As an advisory-focused accounting firm, it’s important to stay engaged in long term relationships that are oriented around clients' business goals and future business. As you focus the relationship around future goals, there's this duality in the process. As a firm, you are always thinking down the road as far as what's coming next; and at the same time, you’re also executing in the here and now.
How do you know what to do next to meet your clients’ business goals? In this episode of Pulse of the Podcast, ”Predicting the Next Move”, we talk about how to help predict the next move by keeping the clients’ and your firm’s plans in mind.
Generally, firms are with clients one year at a time based on tax deadlines. Often you are engaged with clients in the model that is used with Practice Forward, then your firm may re-up that engagement for the next year. This gives you time as clients shift their business efforts to be able to move your services with them as they grow to be sure you are meeting all of the client’s business goals.

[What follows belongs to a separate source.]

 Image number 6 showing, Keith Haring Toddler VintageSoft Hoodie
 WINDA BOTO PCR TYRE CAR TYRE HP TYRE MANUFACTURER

Focus on future growth to meet clients’ business goals
If your trajectory is more of an advisory role, you can start the whole client relationship from a continuous growth mentality. How do you use the interactions of today to set up future steps so that this idea of growth is part of the progression of meeting your clients’ business goals? Help your clients realize that this is not just another service that you’re trying to sell them, but an investment in their future transformation.
Generally, with any kind of advisory firm, you should be looking at the implementation of these next steps with great value, not just vague ideas for the future. Firms sometimes get hung up on the difference of the value between ideas and implementation. You have to remember that your ideas themselves probably don’t have a lot of value to the client, but rather what’s important is the strategies you put into play from those ideas to help meet the client’s business goals. In other words, it’s critical to have client engagement today to create space to talk about tomorrow.
Keep client engagement strong for opportunities
If a client is paying for an advisory relationship, the opportunity to have a free flow exchange of ideas is important to get to a place of action. If your firm is in an advisory role, you might feel like you’re just selling your client’s new services, but it’s bigger than that. What you’re doing more than anything, once you start that advisory client relationship, is you’re helping the client better assess the true costs of what the future holds and you’re having this ongoing dialogue. These conversations are opportunities that present themselves not to create more work for everyone. There are times when you can create the space for growth in that conversation to help meet clients’ business goals and direct them along the way.
If you are functioning typically as a transactional accounting firm, predicting the next move is pretty easy because it’s deadline-driven and task-oriented. With advisory services, deadlines exist, but your relationship is defined by points of action instead of the deadlines. When you have these opportunities to predict the next 12 months of a client relationship with conversations along the way, it’s important to define what you do in each of those meetings to help assist the client for future growth.
Consider the needs of each client individually
Along with touch points, you might go to a client and offer a year-end review. Well, what’s involved in that year-end review? Are you simply crunching numbers and predicting tax responsibilities? Or are you looking for ways to assist with your clients’ business goals? You’ll want to be really clear and predict the number of touch points with each client ahead of time. They aren’t all going to have the same needs. How many touch points are needed throughout the year to allow you to stay on top of what’s happening with their business? For most clients, somewhere between two to four is sufficient. Remember, these meetings are great opportunities to plant the seeds for next steps – all with the goal of helping meet your clients’ business goals.
It’s so important to consider what’s coming next as far as planning your next move with your clients. You can’t offer outstanding client service and be truly predictive and properly responsive if you don’t know what your clients’ business goals are for their future. If you aren’t letting the clients know that you want to help them plan ahead, you could be missing opportunities.
Ask your clients about their future goals
You have to transfer knowledge in order to avoid keeping future plans in a silo when speaking with clients. From a client’s perspective, there are probably things they aspire to do. You want to be forward-thinking and ask them questions. What’s the next thing? What else can we do? How can you help meet clients’ business goals?
You may find that a lot of clients who are seeking additional assistance don’t really know how to proactively think about the future. As a firm, it’s your job to discern what is best for the clients. That’s why it’s useful to have those touch points as an opportunity to see if there are some other services that your firm could provide for them.
Not everybody is going to want that future-thinking aspect of advisory services. They may just be concerned about the task at hand (some clients are of the “set it and forget it” mindset). But you likely have a great majority of clients that might entertain the idea of doing things differently to grow their businesses. You want to have enough tools in your toolbox to be able to present forethought in order for you and your clients to be future-ready.